When Halo 3
launched back in 2007, it included a little mode called Forge that gave players the ability to create, edit, save, and share maps that could be used in custom games. This powerful level editor continued to be available with subsequent releases, each time with a number of improvements and tweaks. It comes as no surprise that the latest game in the series, Halo 5: Guardians
, will feature a more powerful Forge mode that will give players even more freedom. In order to give Community Cartographers, or "Forgers", the power to create maps that rival those of the developer's own creation, 343 Industries wants to give users as many tools as they can and remove as many constraints as possible. Unfortunately, for those itching to get their forging fingers working, the new Forge mode won't launch with the game; instead, it will release sometime in December.
The following video gives us a quick glimpse of some of the new and improved features that will be available in the updated Forge mode, and what can be achieved once its many tools are mastered.

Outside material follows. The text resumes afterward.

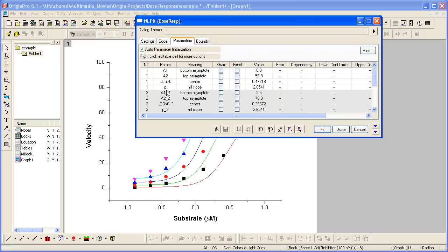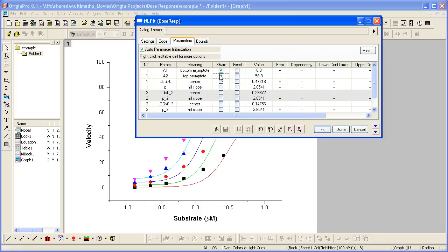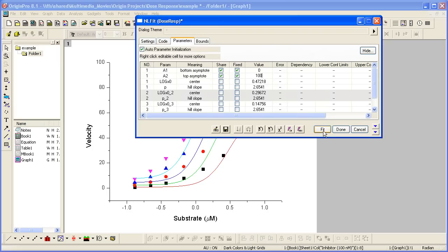And as I do that, you'll notice that A1 and A2 will disappear from the other sets of parameters. So we share those two. We also want to fix their value from 0 to 100. I can then click the Fit button.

Josh Holmes and Tom French, 343 Industries lead designer on Forge mode, took to Halo Waypoint to break down all of the changes and additions that the mode will receive, all of which can be found here
. While it would take far too long to bring all of these changes to you here, a selection of some of the stand out features can be found below:
Improved Control Scheme – Revised controls keeps users hands in the default “home” position so there’s less reaching for buttons which speeds up the building process. Don’t worry long-time Forgers, it took the Forgers we brought in a little bit to get used to but even the most hesitant were soon up and building maps at full speed.

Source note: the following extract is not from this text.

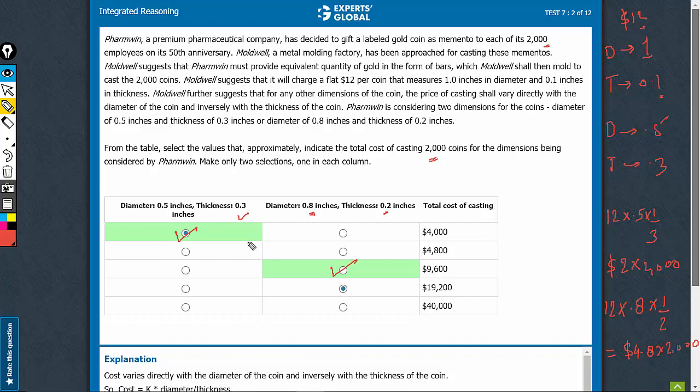The two answers are option A for the first column and option C for the second column.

Multi-Select/Edit – Users can select and manipulate up to 64 individual objects at one time (more if combined with Groups); movement, rotation, property editing, everything you’re able to do to a single object.
Free Camera – The camera no longer snaps to objects being edited. Users can freely position the camera to find the best vantage point to edit from. To orbit around selected objects like past Forges, simply click the right-stick to “lock on” to the objects and click again to cycle between multiple zoom levels.
Grid/Rotation Snaps – Switch between multiple grid/rotation snap settings quickly to help align objects perfectly with each other. The bulk of the Forge specific assets are built to a grid so they interact perfectly with each other, making building even easier. There’s even a very small grid snap that can be used to fix z-fighting without making “bumps” or very precise grid editing.
Grouping – Groups can be created dynamically with a single button press. Select more objects and press the button again to add to the group or press the button again to split the group up. It’s really that simple.
Welding – Grouped objects can optionally be welded to their “parent” object. This allows them to all physically move around together; make a soccer ball with traffic cone spikes that rolls around, or attach a weapon pad to a larger animating object. Our producer Mike loves to remind Ben that this feature is so important to make some of our Arena map designs work that it is LITERALLY the reason he was brought aboard. Good thing it happened because Forge is better because of the addition of both!
1600+ Objects – Take that in for a minute. Previous iterations of Forge had a couple hundred. Shaun, Randal, and Ryan on our art content team have been crazy busy building LOTS of pieces from primitive shapes, structure parts, accent pieces, detail props, and gameplay objects custom built for Forge. Mix them in with things like the weapons, turrets, and power-ups makes this Forge have pretty much the ultimate building block set you wished you had when you were eight years old. I’ve been working with our art lead Wade to try and squeeze in a few last assets before we’re done; that said we’re in pretty great shape.
Higher Object Count – We’ve increased the number of objects that can be placed in a Forge map to 1024. Higher object count allows for bigger maps with more detail than possible before.
New Object Types – We’ve added lots of new types of object types to Forge this time; FX emitters, decals, invisible blockers (big community request), chroma screens for machinima makers, objects for building map intros/outros, and yes, even a large adorable whale toy that we love dearly.
Object Enhancements – Lots of the returning objects have new features and improvements: Dial in the amount of extra clips with weapons. Man-Cannons and Grav Lifts launch distances and heights can be tuned in their properties and show the path where the players will go when used. Teleporters output directions can now be changed it displays which way players come out facing. We have commitment to improving everything Forge, not just the new.
Multi-Budget System – Multiple budgets based on real engine systems; max object counts, memory, etc. This means when placing something like a large terrain piece, its large texture will only eat into the memory budget once, and additional same/similar pieces will only use up the object count budget because their shared texture is already loaded.
Soft Budgets – Some budgets are “soft” meaning they can be exceeded but will cause visual artifacts/anomalies. This lets you keep building around these budgets to find the fun, then come back later to fine tune things and make the map look prettier.
Light Objects – Place real light objects in the world to light up interior spaces or just enhance a location on a map. Light objects have a whole slew of properties; point and spot types, light color/distance/falloff, light cone shape/size, lens flairs, and “gobos” (the pattern projected from the light); customize pretty much every facet of the light imaginable.
Primary, Secondary, & Tertiary Colors – The vast majority of the Forge building pieces have tunable primary, secondary, and tertiary color change sections on them. This allows objects color variations from the blatantly oblivious to very subtle. Many also support changing the matte/metallic reflective properties of the color surface as well allowing for more visual variety from location to location.
Scripting Redux – Almost every object in the new Forge can be scripted to move around, change colors, send event messages to other objects, spawn itself, and all kinds of other fun things. Objects can have up to four scripts that with a condition that will trigger an action when the event conditions are met. We even include a “logic switch” condition type that can wait for multiple conditions to be met before the action is triggered. It’s all super powerful and we can’t wait to see the crazy ways it gets used by the community.
More details, as well as new footage of what can be done with this improved Forge mode, will be coming sometime in the near future, so the Forgers out there should keep their eyes peeled.Halo 5: Guardians
will hit stores worldwide on October 27th exclusively for Xbox One. As stated earlier, Forge mode won't launch with the game, instead it will be released sometime in December and will be an ongoing, and most importantly, free service.